Material and Methods
For 40
HNSCC patients, baseline VMAT plans (68/60/50 Gy SIB, PTV margin 5mm) were
retrospectively created following our clinical treatment protocol using an
in-house automated MCO software.
Sub-volumes
of CTVE/PTVE with lower risk of microscopic spread were
defined individually for each patient (termed trade-off CTVE/PTVE).
Trade-off CTVE was defined as the total CTVE minus lymph
levels containing a nodal metastasis (GTV + 1cm isotropic extension, see Fig.1).
The goal
for total PTVE near-minimum dose (D99%) was reduced from ≥47.5Gy to 45Gy and 42.5Gy in two trade-off plans (TP45/42.5).

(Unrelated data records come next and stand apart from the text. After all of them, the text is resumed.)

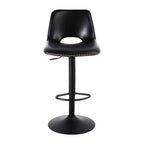 Juego de 2 Taburetes de Bar Modernos Ajustables Giratorios con Respaldo, Sillas de Mostrador de Cuero Sintético para Isla de Cocina, Comedor o Sala de Estar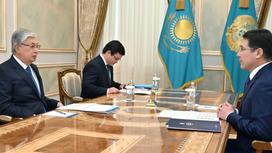 Әбілқайыр Сқақов президент қабылдауында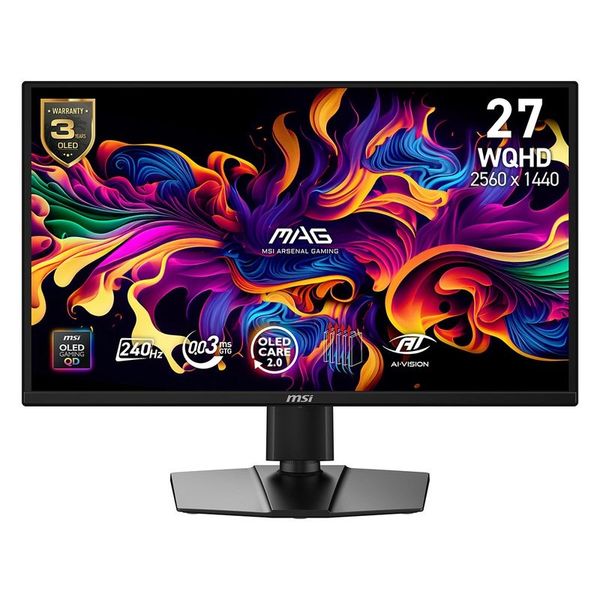MSI MAG 272QP QD-OLED X24 26.5 inç 240Hz 0.03ms Pivot Oyuncu Monitörü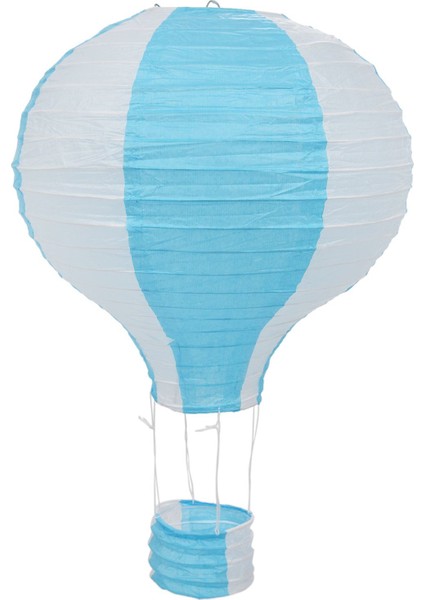 12 Inç Sıcak Hava Balon Kağıt Fener Abajur Tavan Işık Düğün Dekor, Mavi Çizgiler (Yurt Dışından)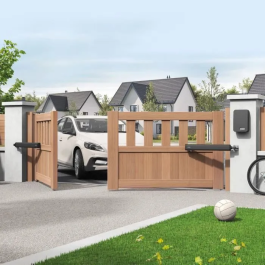 Avidsen Motorización para cancela batiente Teha 410 - 114173 Motor gato 300 kg y 3,5 m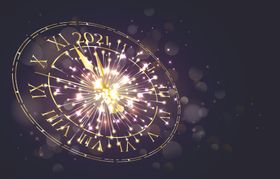 新年时钟矢量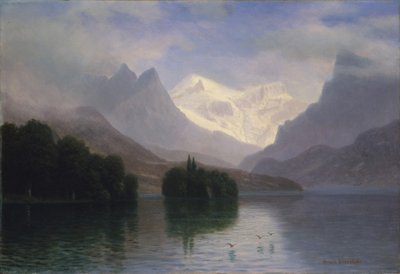 Hegyi jelenet alkotó: Albert Bierstadt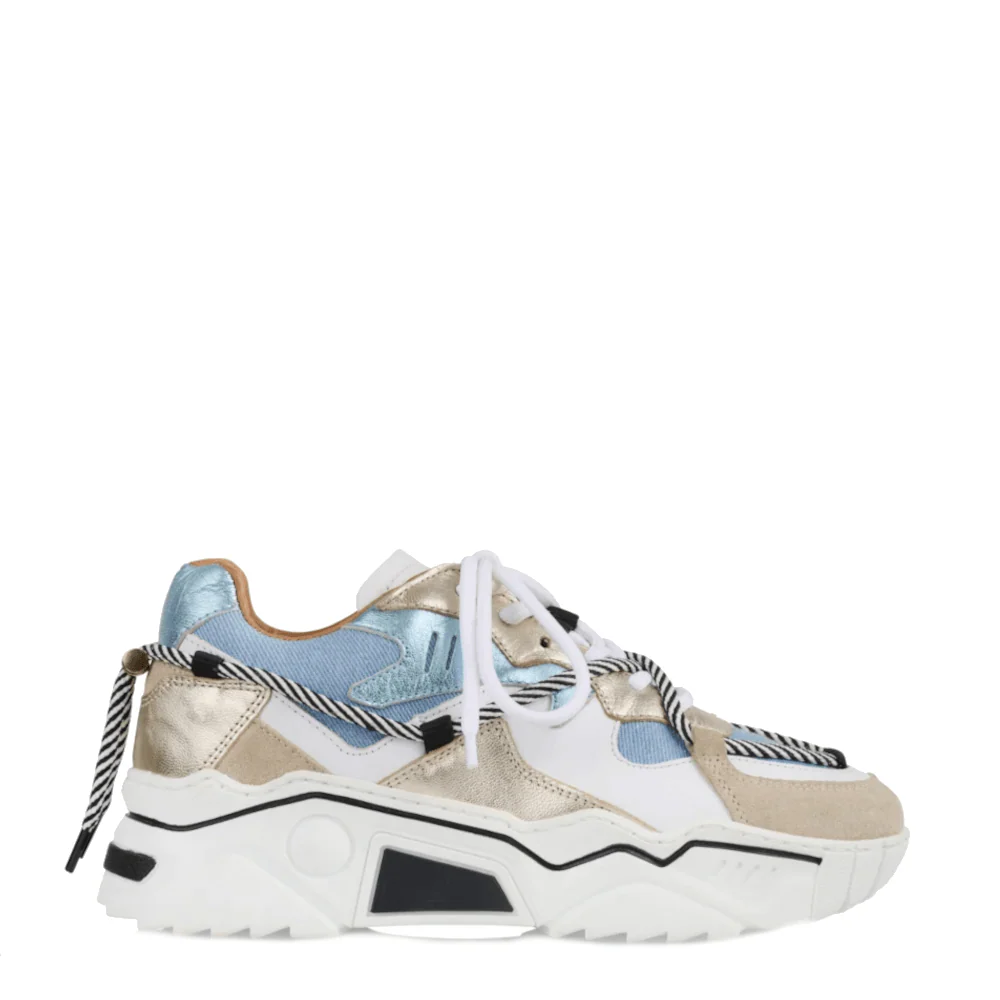 Dwars veterschoenen Jupiter J5554c-43 Licht Blauw - Afbeelding 2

Minimum dose to trade-off CTVE was constrained to 45Gy in both TPs
(47.5Gy in baseline plans). All other planning objectives and constraints (OARs
and remaining targets) were the same in all plans. Target dose reduction
relative to baseline plans was allowed only in trade-off CTVE/PTVE.
OAR doses, total
PTVE V47.5Gy, and NTCP for xerostomia and dysphagia (models
used in the DAHANCA35 study, based on doses to salivary glands or oral cavity
and swallowing muscles, respectively) were compared between baseline plans and
TPs. The location of voxels (interpolated to size 0.25x0.25x0.25 mm3)

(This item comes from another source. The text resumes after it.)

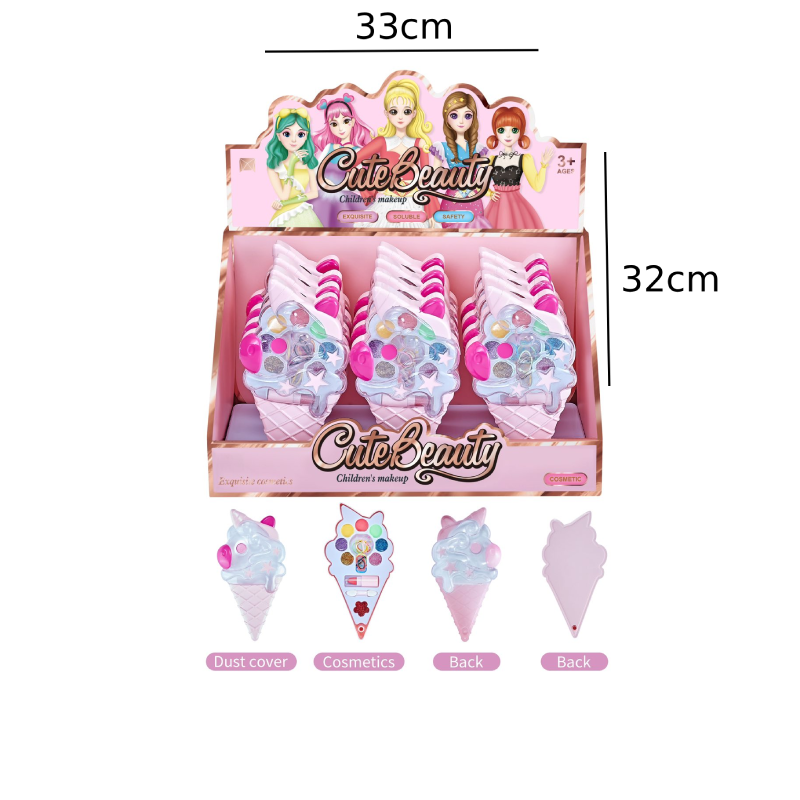 Παιδικό Σετ Μακιγιάζ σε Σχήμα Παγωτού Cute Beauty - Cute Beauty Ice Cream Shaped Kids Makeup Set - Image 2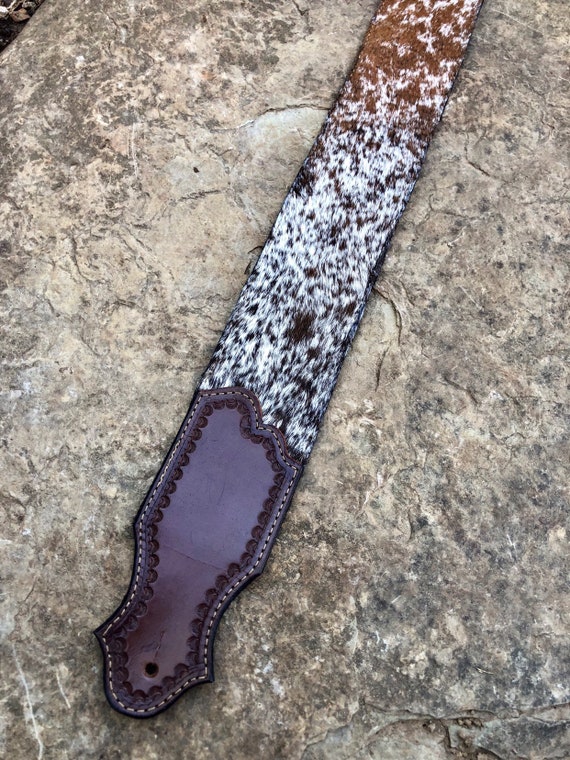 Cowhide guitar strap deals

with doses below 47.5 and 45Gy in trade-off PTVE was quantified by
distance to the volume’s outer contour.
Results
Trade-off
PTVE volumes ranged from 6% to 73% of the total PTVE
volume (Fig.2, right). The trade-off possibilities thus varied between patients.
Reductions
in OAR mean dose, NTCP, and PTVE coverage are shown in Fig.2 and
below (median[min;max]).
| Contralateral
submandibular [Gy]
| Glottic
larynx [Gy]
| Esophagus
[Gy]
| PTVE V47.5Gy
[%]
|
TP45
| 1.5[0.1;6.1]
| 1.9[-0.9;7.0]
| 1.8[-0.1;12.7] | 2.4[1.2;5.2]
|
TP42.5
| 2.6[0.1;7.6]
| 2.9[-0.8;14.4]
| 2.7[0.4;13.8]
| 7.9[2.5;18.3]
|
Ninety-five
percent (95%) of trade-off PTVE
voxels below 47.5/45Gy in TPs were located within 10/4mm of the volume’s outer
edge.
Conclusion
We have demonstrated
the possibility for substantial patient-specific reduction in OAR doses and
NTCP by limited and well-controlled coverage reduction in elective target sub-volumes
with low risk of microscopic disease spread. This workflow was made feasible by
using automated multi-criteria optimization.
The
proposed method may present a step towards novel planning strategies which systematically
include spatial variation in sub-clinical disease spread.